------ TASK MATERIAL ------
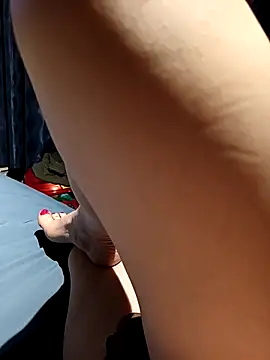 Snapshot of monyhoy chatting on 03/13/25, 02:01 monyhoy online show from 03/13/25, 02:01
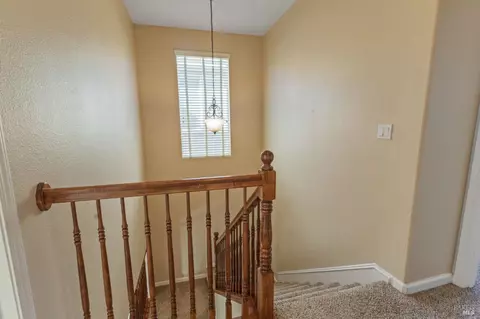 Entry Way - 5018 Brown Ln, Fairfield, CA 94533 photo 5 of 6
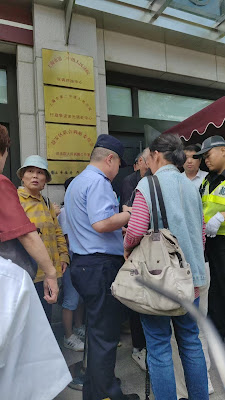 宋嘉鸿：上海人民法院不让访民旁听侵犯了法律赋予公民的权利-1984bbs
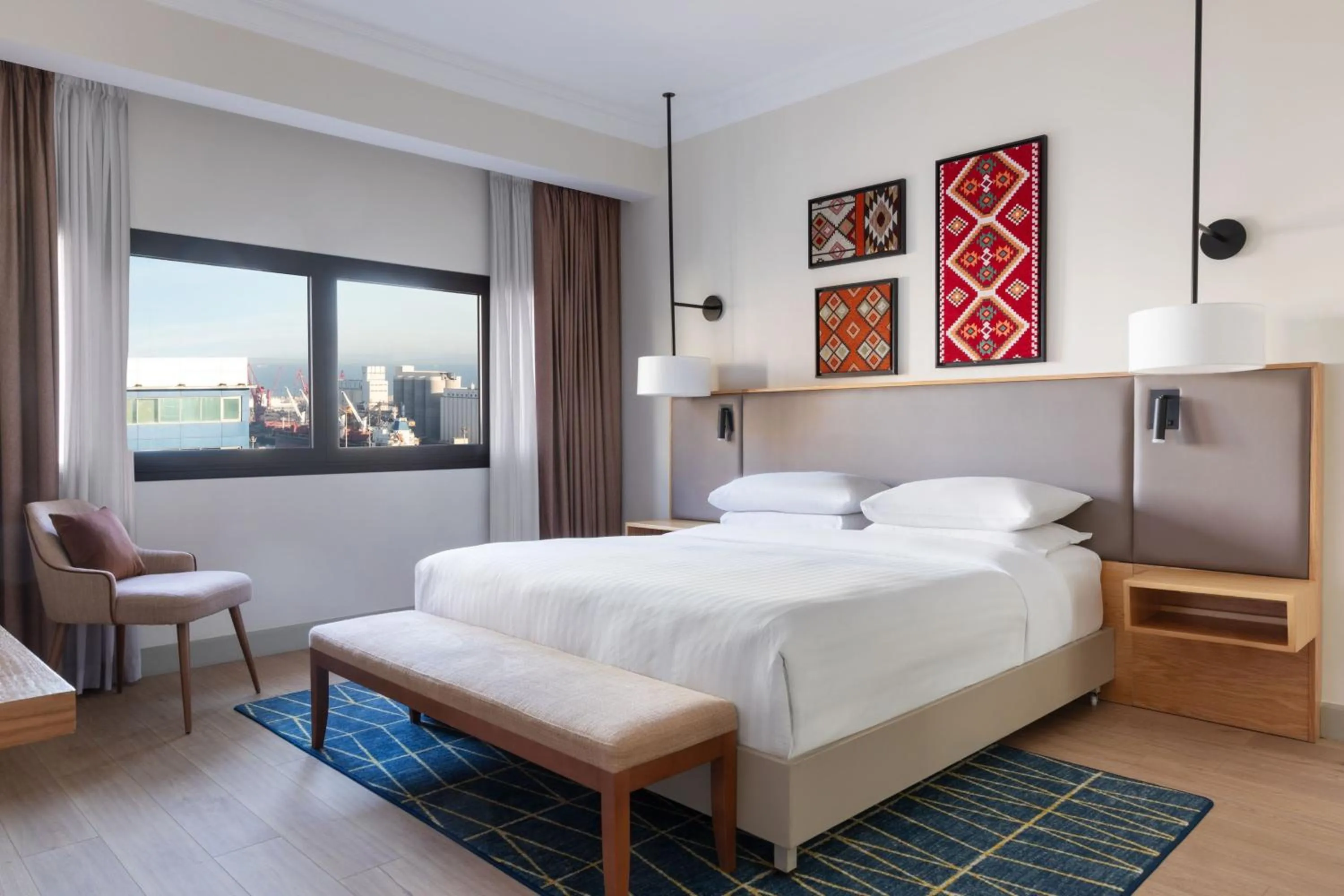 Photo of the whole room, Bed in Casablanca Marriott Hotel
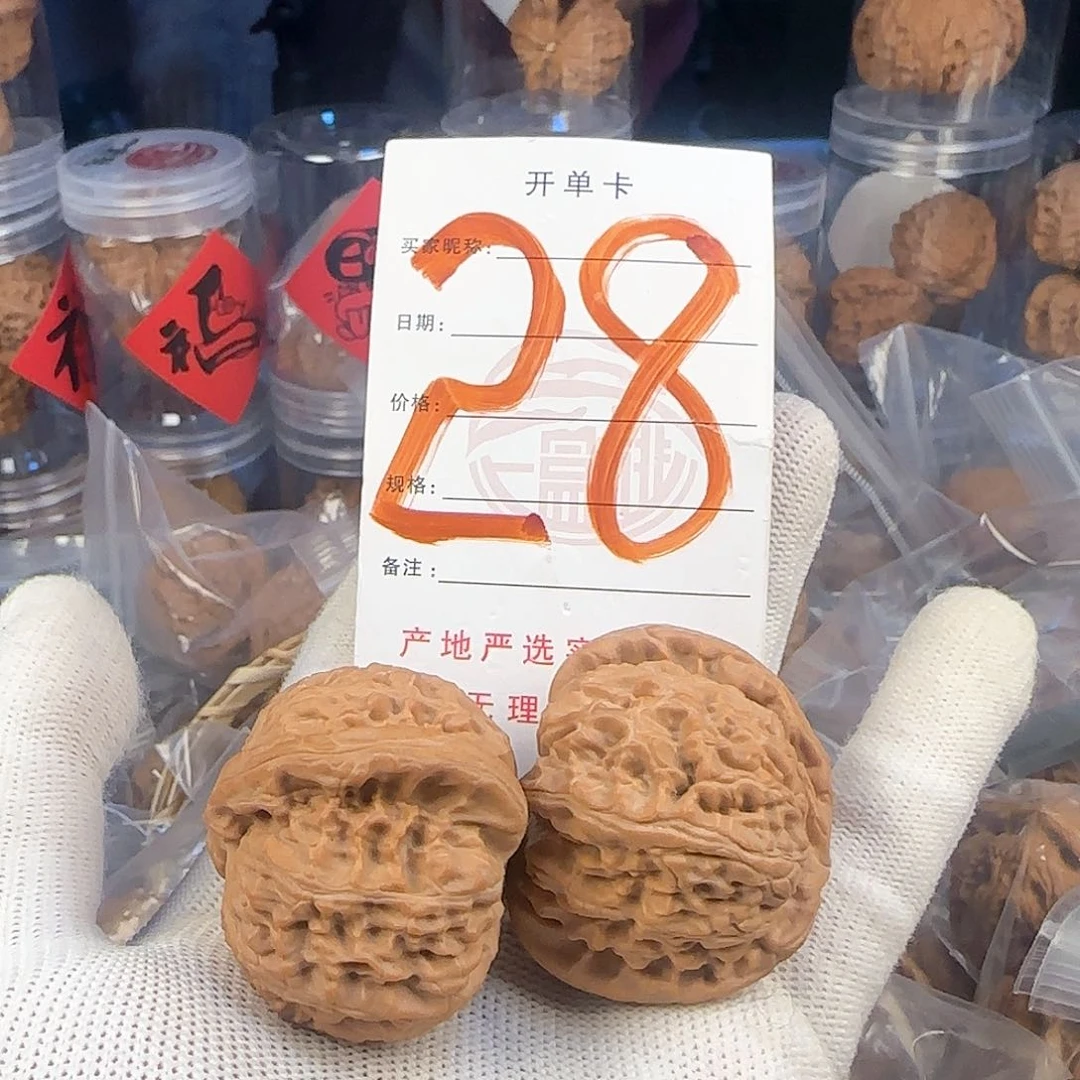 文玩核桃吊坠白狮子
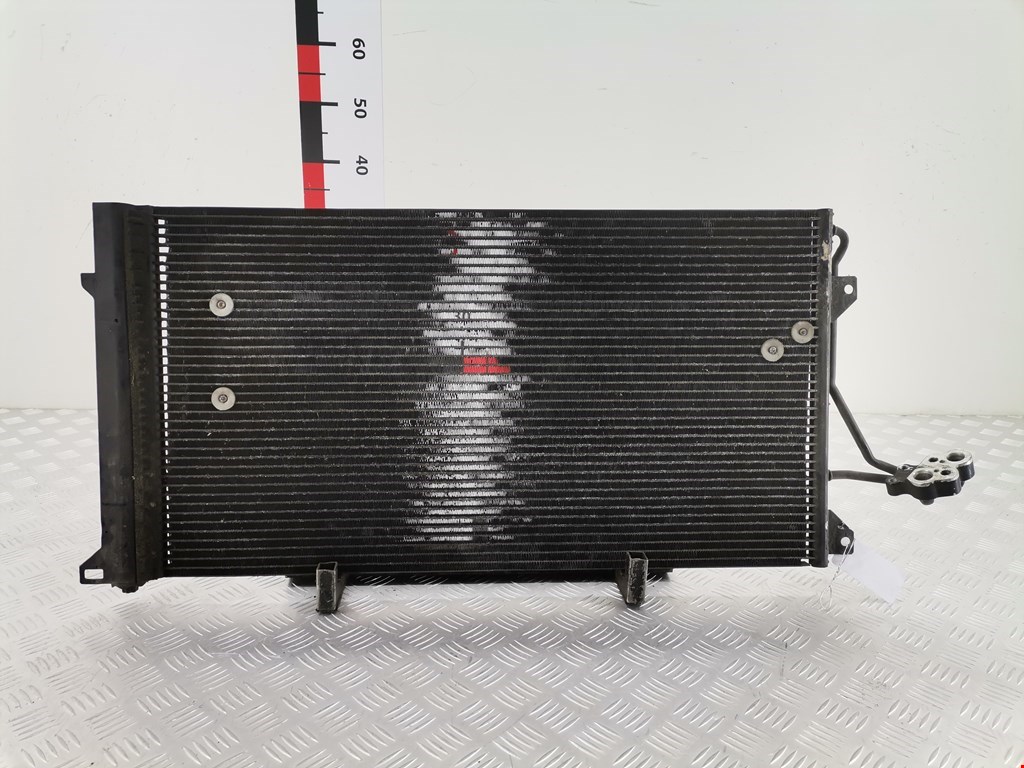 Радиатор кондиционера Volkswagen Touareg 1 (2002-2010)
------
▶ **WORK ORDER**:
Without including any picture, set down every line above exactly as it stands.

▶ **YOUR RESPONSE**:
 Snapshot of monyhoy chatting on 03/13/25, 02:01 monyhoy online show from 03/13/25, 02:01
 Entry Way - 5018 Brown Ln, Fairfield, CA 94533 photo 5 of 6
 宋嘉鸿：上海人民法院不让访民旁听侵犯了法律赋予公民的权利-1984bbs
 Photo of the whole room, Bed in Casablanca Marriott Hotel
 文玩核桃吊坠白狮子
 Радиатор кондиционера Volkswagen Touareg 1 (2002-2010)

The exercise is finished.